Since we have a mathematical model, we can repeat this process of identifying the oldest individual as often as we like, each time using a different virtual group. Each repetition of the process corresponds to one instance of an individual in Prudential’s experiment mentally going over everyone ever known to him or her and identifying the oldest person known. The result of repeating the process a large number of times – each time placing a virtual sticker on a virtual wall – is shown in the figure below.

Virtual blue stickers generated by running a simulation of Prudential's experiment.
The histogram and the bell curve fit closely follow the result from the live experiment.

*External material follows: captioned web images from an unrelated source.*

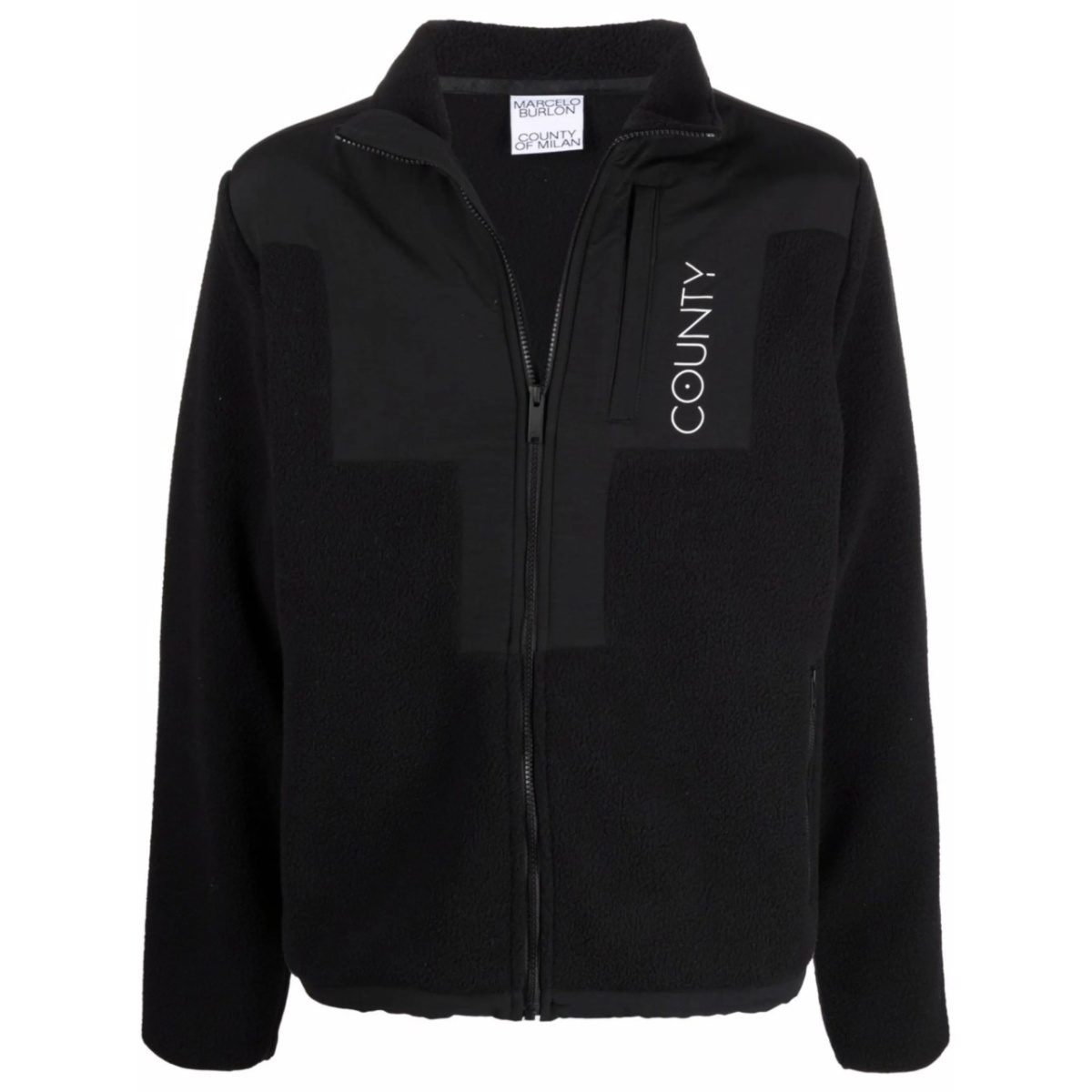 lightweight zipped jacket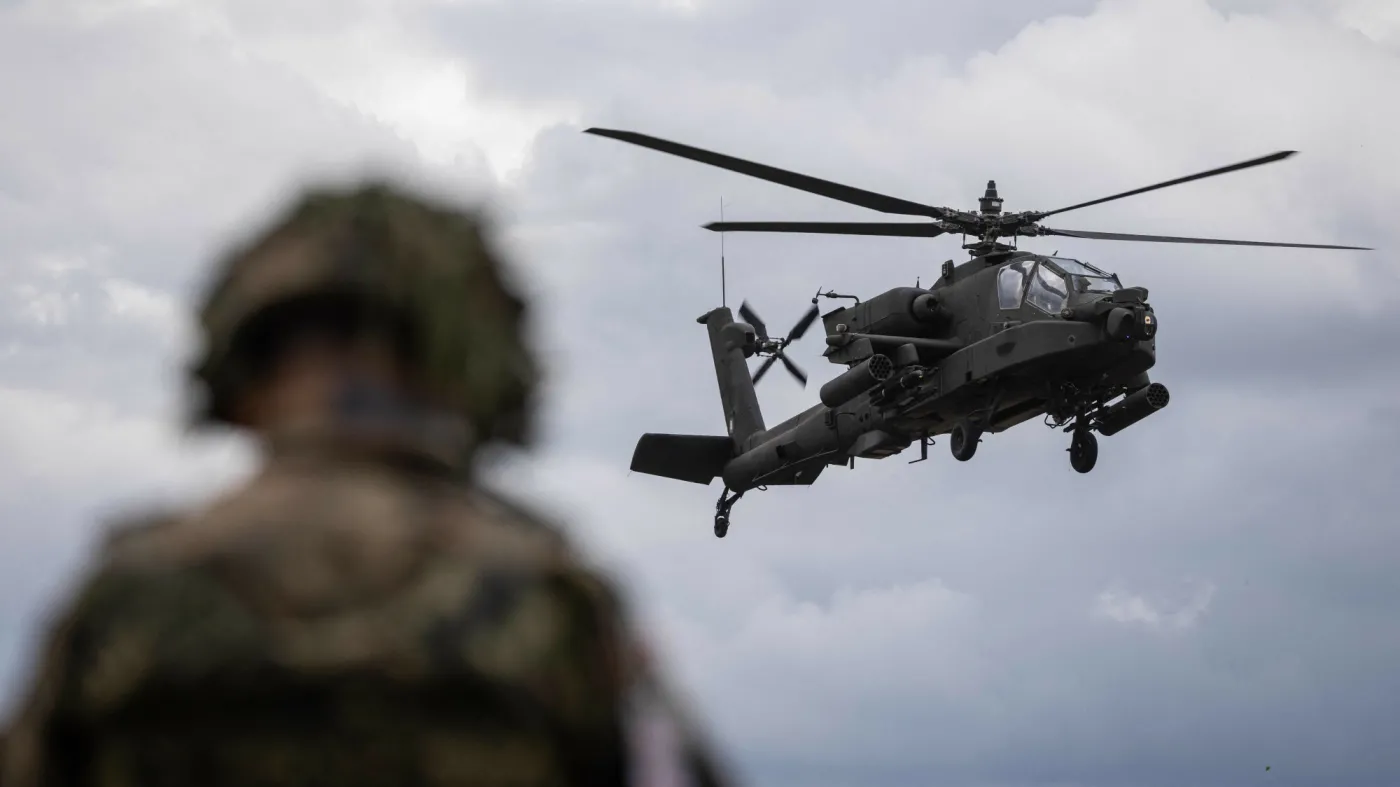 Polska buduje zaplecze dla Apache. Ukraińcy widzą w tym szansę dla siebie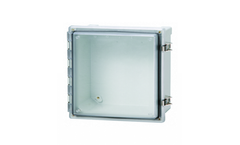 Fibox - Model AR10106CHLT - Hinged Transparent Cover Enclosure
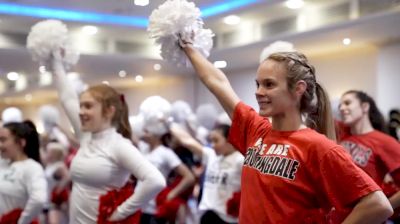 New Year's Day Parade Rehearsal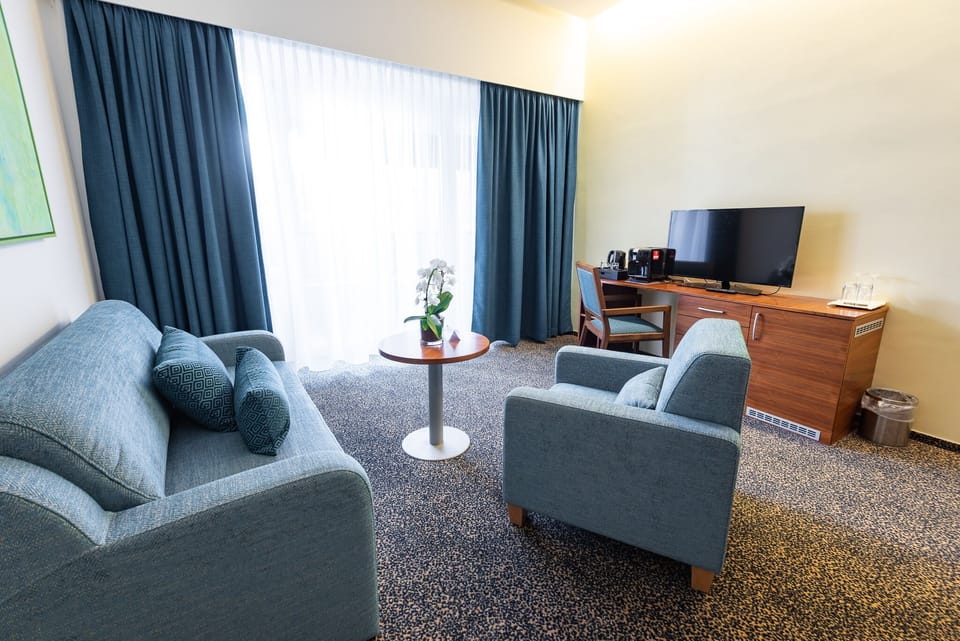 Apartment, 2 Bedrooms | Living area | Flat-screen TV, pay movies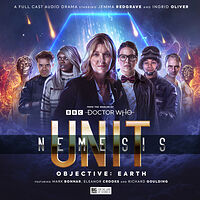 Cover image for UNIT Nemesis - Objective: Earth
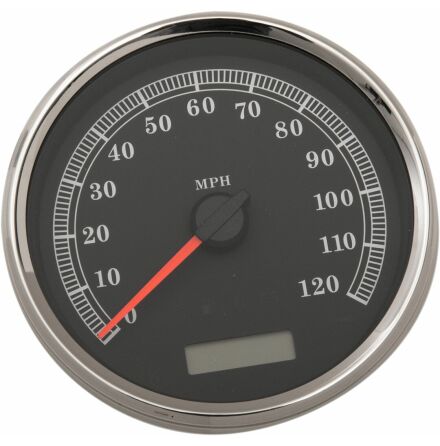 Speedometer Blk Mph 5&quot;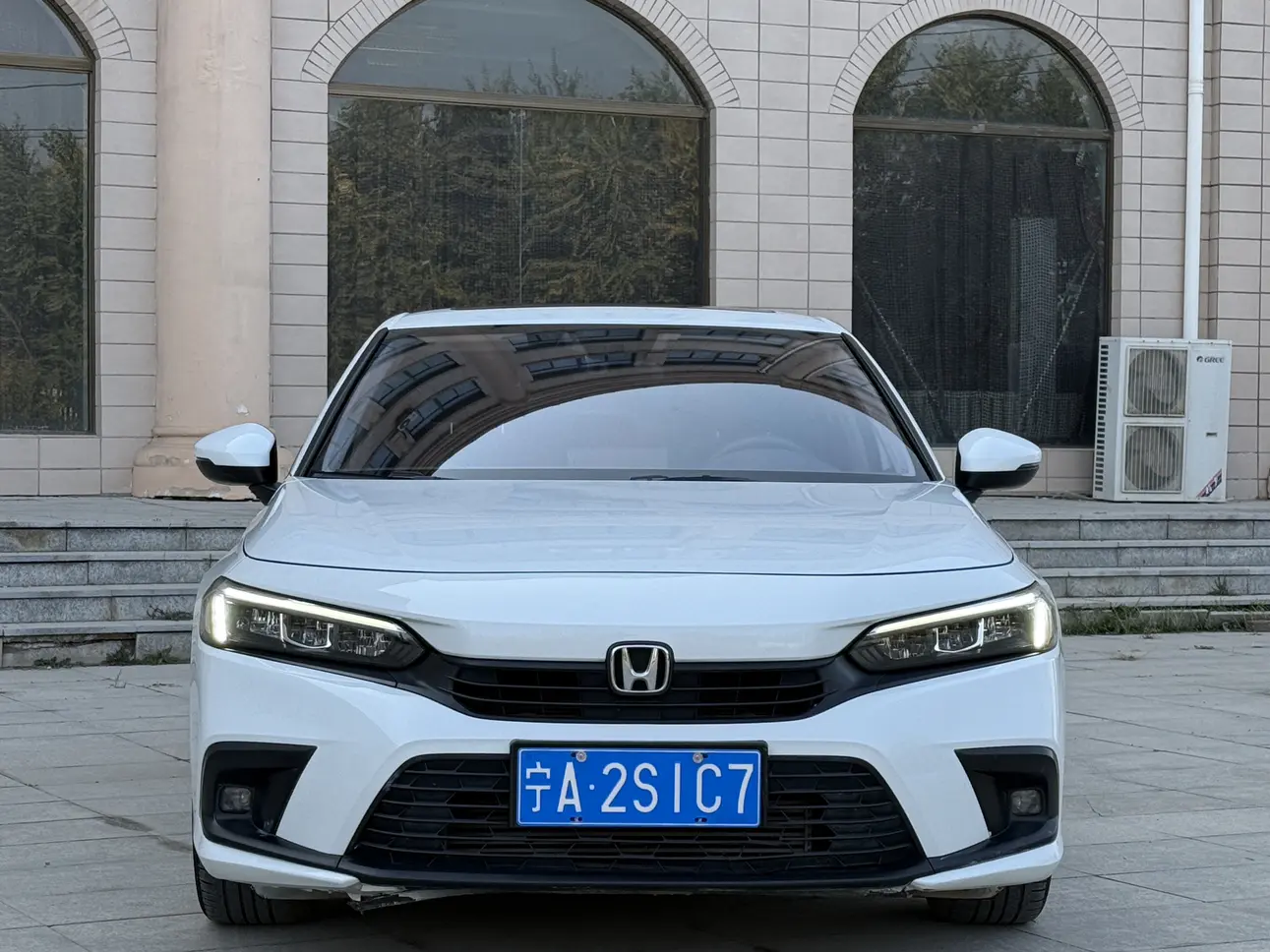 Honda Civic  из Китая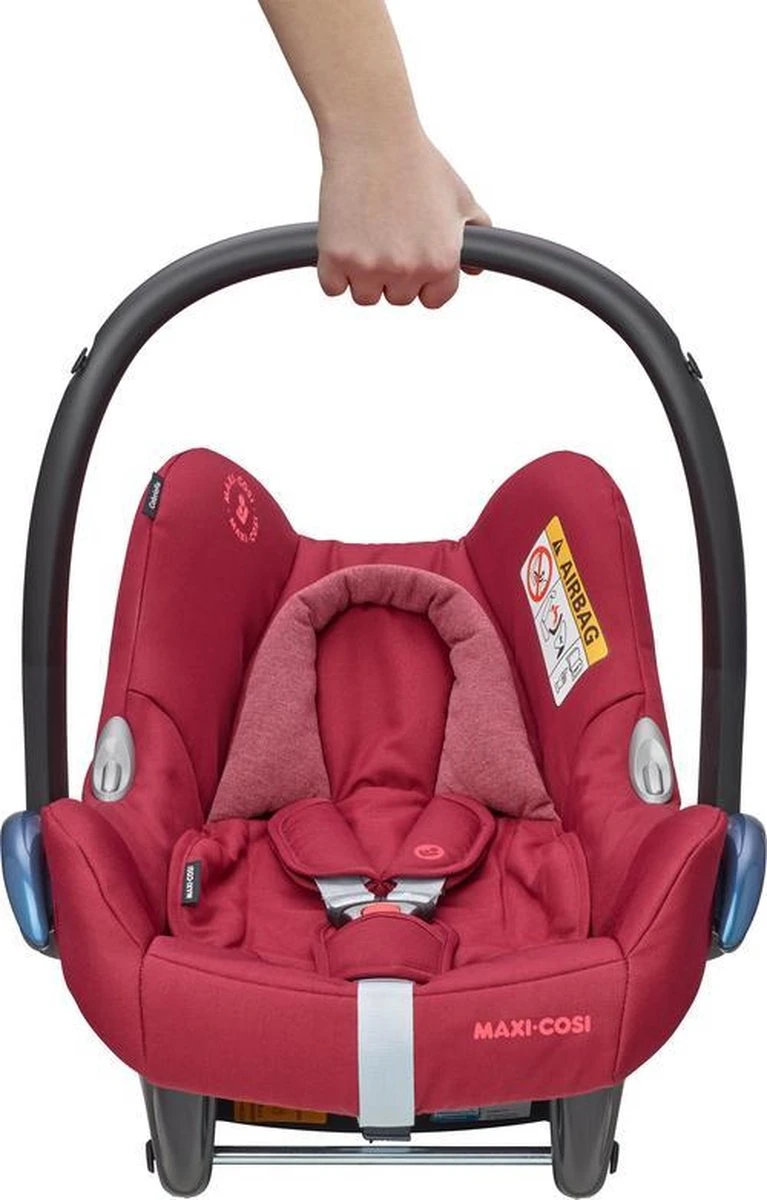 Maxi-Cosi CabrioFix Autostoeltje - Nomad Red 5 Maxi-Cosi CabrioFix Autostoeltje - Nomad Red - Afbeelding 5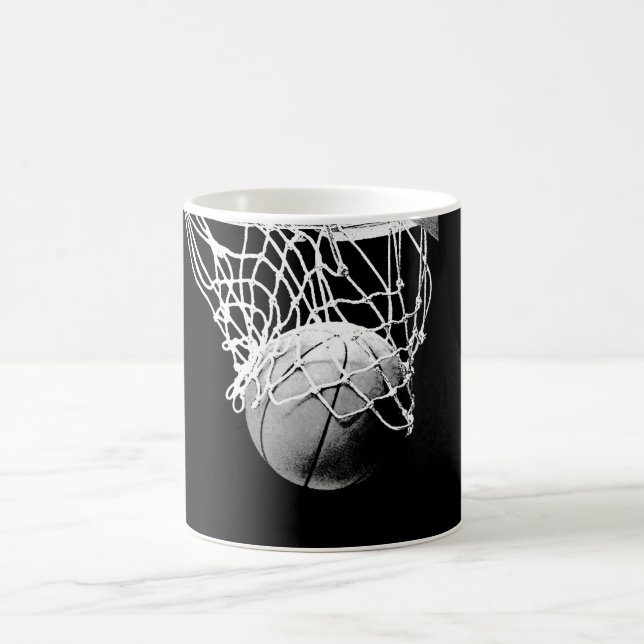 Basketballball Kaffeetasse (Mittel)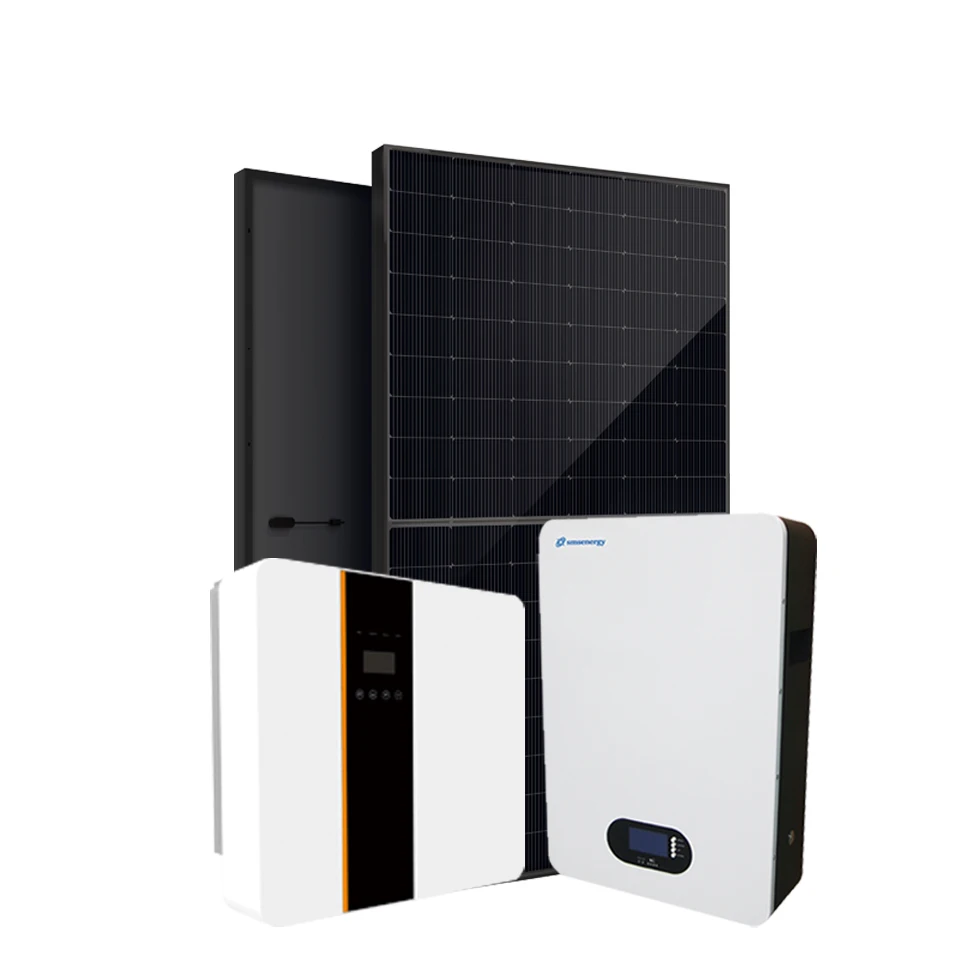 Solar Panels Power Wall System 5Kw 10Kw 15Kw 25Kw Solar Energy System Home Hybrid Solar Power System For Home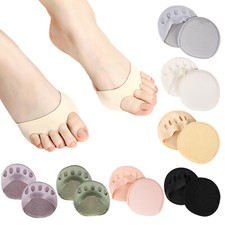 Fabric Metatarsal Sore Ball of Foot Pain Cushions Pads Insoles Forefoot Support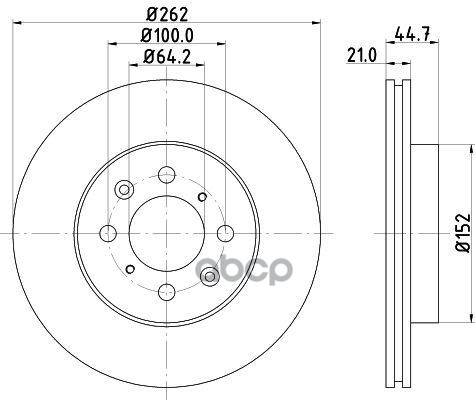 Диск Тормозной 200 Convertible (Xw)  200 Coupe (Xw)  200 Hatchback (Rf)  25 Hatchback (Rf)  400 (Rt) Mintex арт. mdc1023c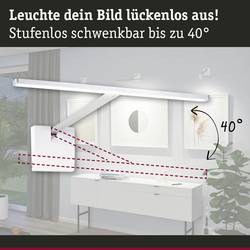 Paulmann Xana 95575 LED osvětlení obrázků 5.5 W LED hliník (kartáčovaný)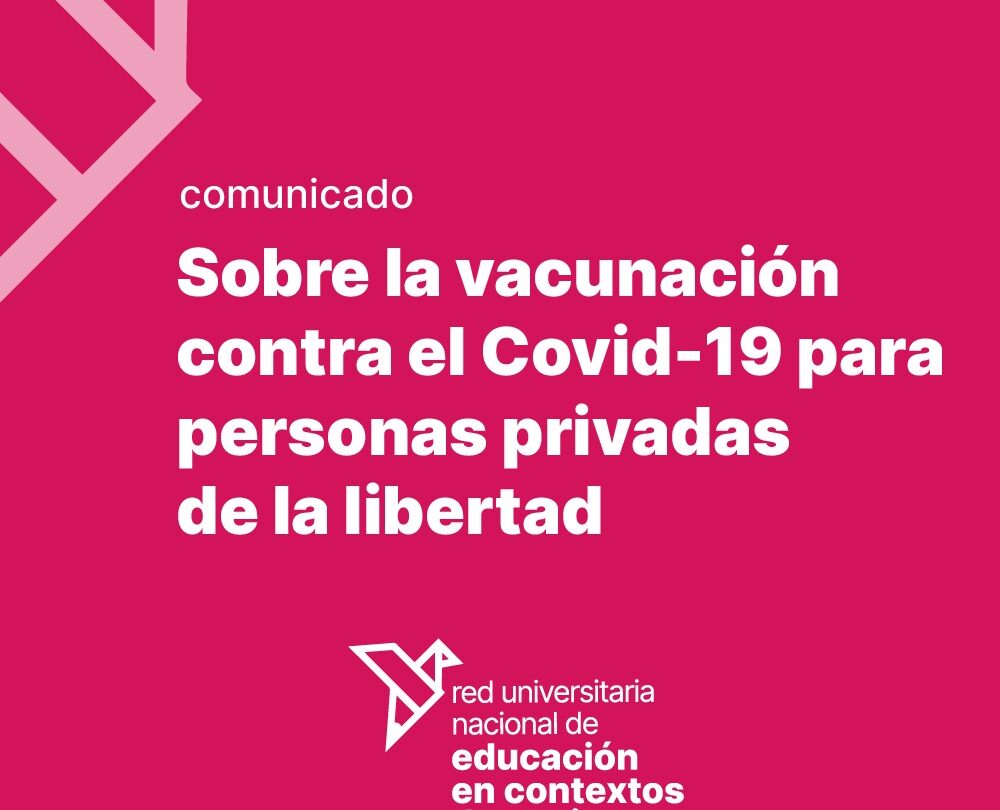 Vacunan contra COVID 19 a personas privadas de la libertad |
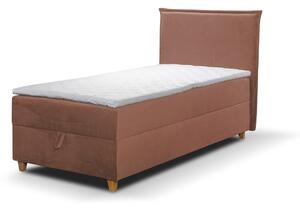 Čalouněná postel FRILLY MINI 90x200 cm Růžová I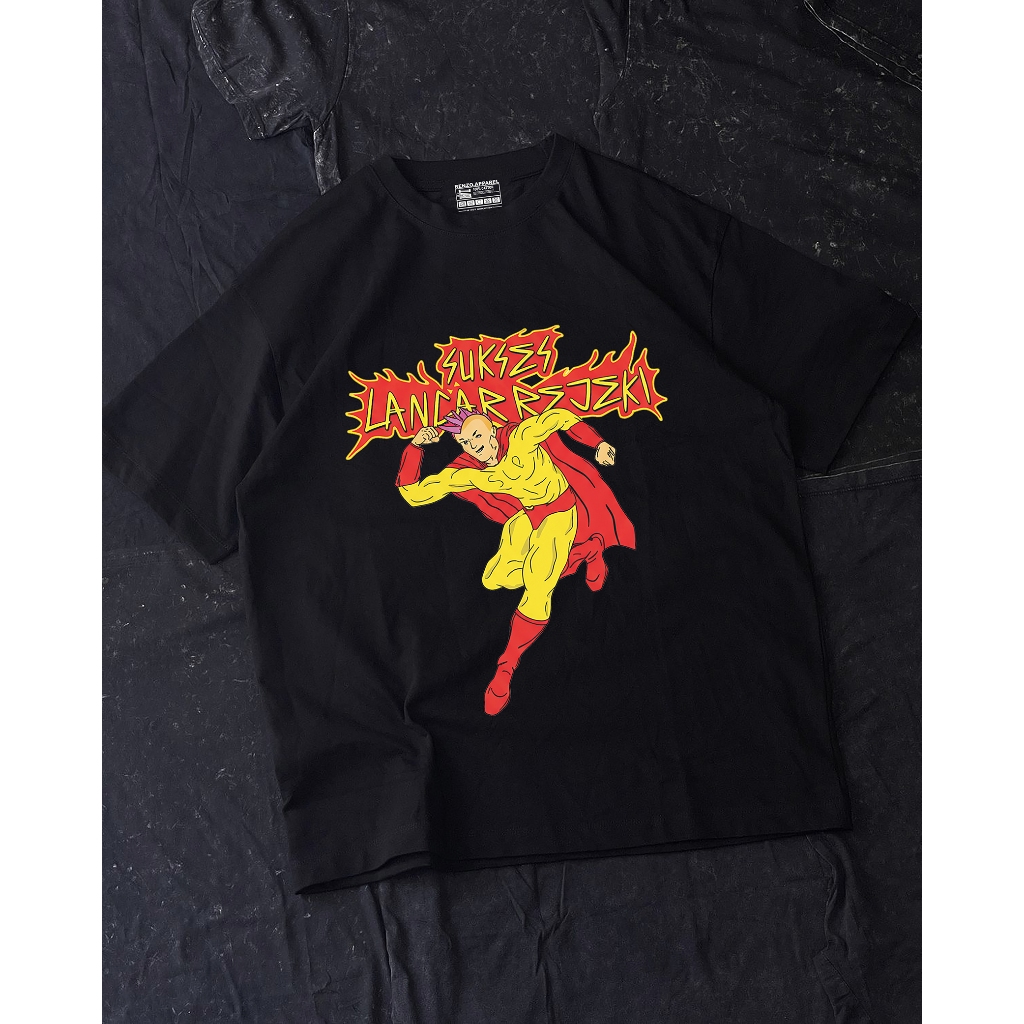 T-shirt Merchandise SLR - Sukses Lancar Rejeki V2 - K2 | Unisex Catton 24s premium | Kaos band | Kao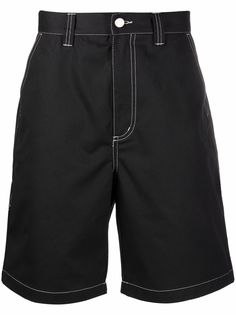 Stussy contrast stitch shorts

Even though the experiment involves generating random ages, we see that the pattern of stickers is not quite random. It follows what seems to be the familiar bell curve again (shown as a blue curve). What is more, it even peaks at around 90 years. The agreement between the actual (shown as a black dashed curve) and virtual versions is quite close. In aggregate, a predictable pattern emerges from randomness. The wisdom of the crowd ensures that the stickers fall into an orderly and familiar histogram, rather than be scattered all over the place.

So, that’s it for now. I hope we see more such creative attempts to infuse freshness into commercials. Everyone I know enjoyed this commercial. I am sure there were statisticians behind the scene who worked hard, (well before the experiment was conducted live) to make sure that it did not turn out to be a public flop. There is lots more material than can be covered in this blog. Does it really follow a bell curve? Does it matter? What is the distribution that is actually relevant to funding retirement plans?

As always, I will enjoy talking to you about this or any other numerical and insightful topics.